Example of scatter plot of log-wage by age.

To better convey the practicalities of the methods proposed, we illustrate them by analyzing the variation of salaries in the Spanish Social Security (SS) database. In particular, we address such issues as whether the observed difference in wages can be explained by the following: the rigidity of labor market (temporary vs. permanent contract), discrimination (women vs. men), and age (old vs. young). Previous work involving the Spanish labor market has focused on fitting models to test aspects of labor economic theories (e.g., Dolado et al., 2002; Gehrke & Weber, 2018). In this article, we deviate from this testing approach in favor of descriptive methods that permit direct, visual assessments of the questions explored. The structure of the article is as follows. Section “SS data” describes the database. In section “The comparative boxplots: log-wage by age groups,” we discuss group variation in wages using the boxplots. Section “Scatterplot: The heat-map” discusses the use of heat-map scatterplots. In section “The heat-map scatterplot in regression diagnostics,” we apply the heat-map approach to a classical residual diagnostic plot, and to the comparison between OLS and Tobit regression. Finally, in the last section, conclusions are presented.

SS data

To illustrate the EDA methods, we use the Spanish SS data on labor, specifically, the “Muestra Continua de Vidas Laborales” (hereafter, MCVL) in 2010.¹ The data comes from the register of the SS System for people active in the labor market. Starting in 2004, SS records have been released for a 4% non-stratified random sample of the population who in that year have had any relationship with Spanish SS (individuals who are working, receiving unemployment benefits, or receiving a pension). Given the structure and magnitude of the MCVL, this is a useful data set with which to illustrate the EDA approach we advocate. The rest of this section is devoted to describing briefly the statistics and economic labor context of this database.

The data set gives information regarding historical relationships of individuals with the SS relating to work, unemployment benefits, and pensions, for around 1 million observations each year. It also contains information regarding the type of contract, sector of activity, qualifications, earnings, date of entering or leaving the job market, part-time or full-time status, and firm size. The MCVL also provides individual characteristics such as age, gender, residence, country of birth, and level of education. Information on educational attainment has improved in recent editions of the MCVL. The main outcome variable of interest in our data set is the earnings of Spanish people. The MCVL only provides information on the “social contribution base” (censored earnings), which captures monthly labor earnings plus 1/12 of bonuses received over the year.

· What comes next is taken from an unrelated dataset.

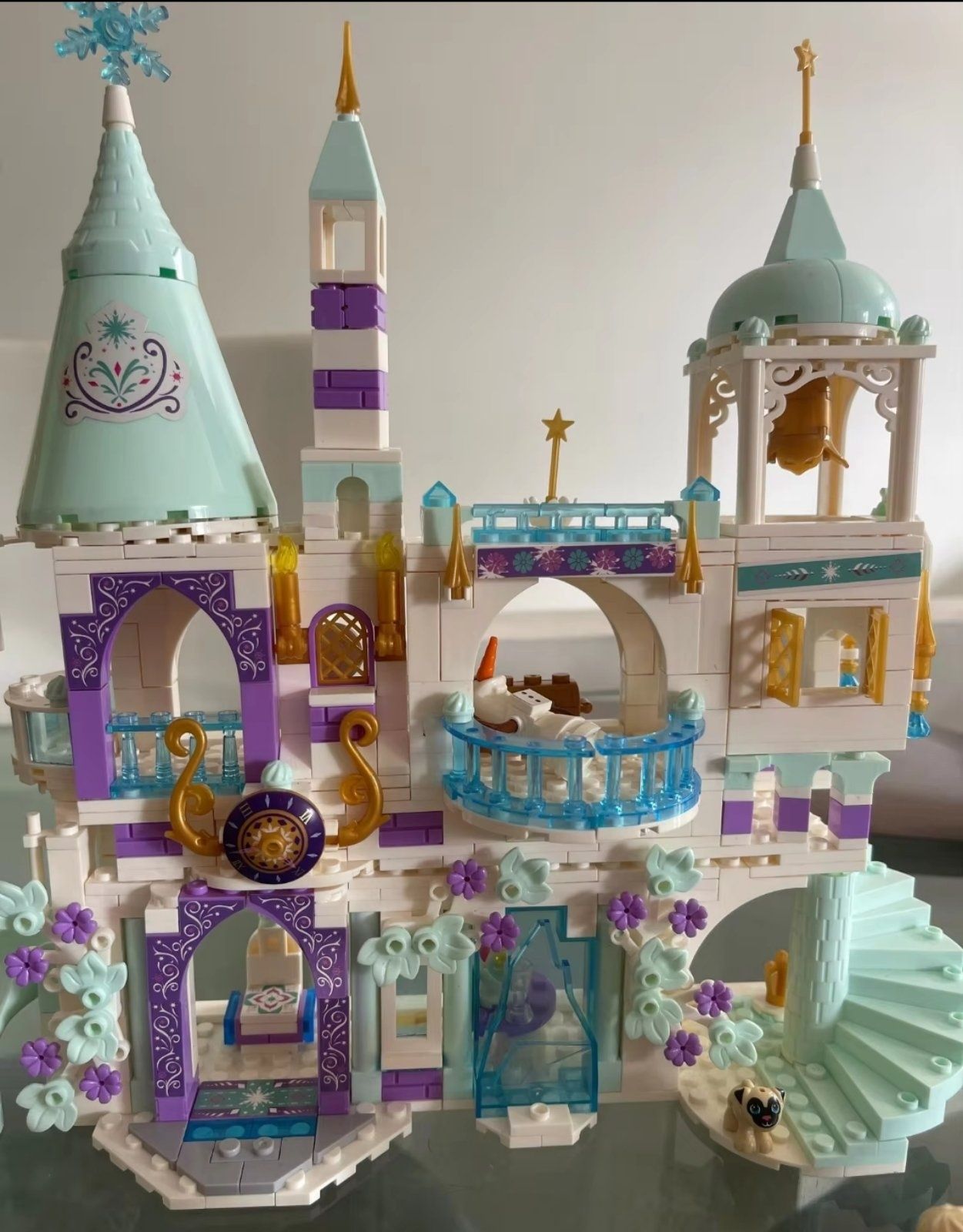 Конструктор Miniso Disney замок Эльза 742 шт блоков Lego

The censored earnings variable has minimum and maximum values, which vary over time.² We exclude pensioners, the self-employed, individuals receiving unemployment benefits, individuals who report outlying earning values (outside the minimum and maximum values), and individuals with missing information in relevant variables (age, education, type of contract, occupation). This leaves a sample of 541,457 individuals. We calculate the daily wage as our main earnings measure, computed as the ratio between the monthly contribution base and the number of days worked in that particular month. If the individual records more than one job at the same time, we sum the earnings. Other years and variables of course could be considered, but these will be beyond the scope of this article, which is not focused on exploring the Spanish labor market.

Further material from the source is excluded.